I noticed the number of bigrams is higher than the number of unigrams and that there are more trigrams than there are bigrams. So basically, the number of ngrams are more than the number of unigrams. I don't understand how this is possible.
New Delhi is the capital of India.
No of unigrams - 7
No of bigrams - 6
No of trigrams - 5
Here I am clearly seeing that the number of unigrams will always be greater than ngrams.
Number of Words in a bigram is greater than the number of words in a unigram. Similarly, number of words in a trigram is greater than the number of words in a bigram.

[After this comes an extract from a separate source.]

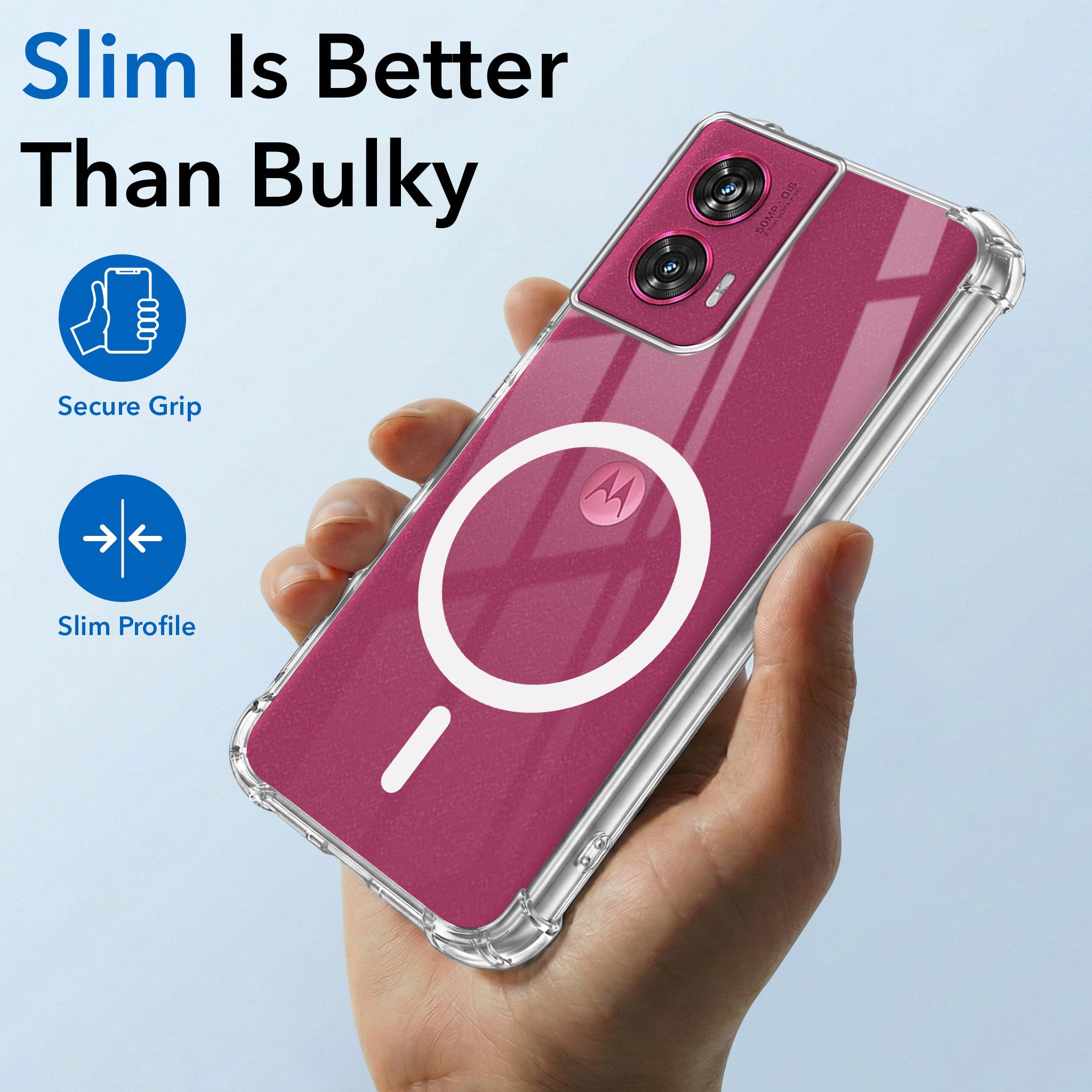 For Motorola Moto Edge 50 Fusion Back Cover Shockproof Crystal-Clear (Magsafe Wireless Support | Drop & Camera Protection | Hard Polycarbonate)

This is true if you would perform it on an actual dataset that contains many strings. If you would perform it on a single string then the result would be the opposite.
Let us understand it with the help of an example. Let us say string 1 contains: w1,w2,w3,w4,w5,w6
and string 2 contains: w1,w7,w3,w2,w5,w4,w6
.
so total no of unigrams over here is {w1,w2,w3,w4,w5,w6,w7}. So total number of words in unigram is 7.
Now let us see in the case of a bigram. Total number of words in bigrams are:
{(w1,w2),(w2,w3),(w3,w4),(w4,w5),(w5,w6),(w1,w7),(w7,w3),(w3,w2),(w2,w5),(w5,w4),(w4,w6)}
So total no of words in bigram over here is 11.
This happens because there are many words that repeat in case of unigram but in case of bigram fewer words repeat and in case of trigrams even lesser number of words would repeat. As you would increase the value of n in n-grams fewer number of words would start to repeat and hence the number of words increases as you increase in the value of n in n-grams.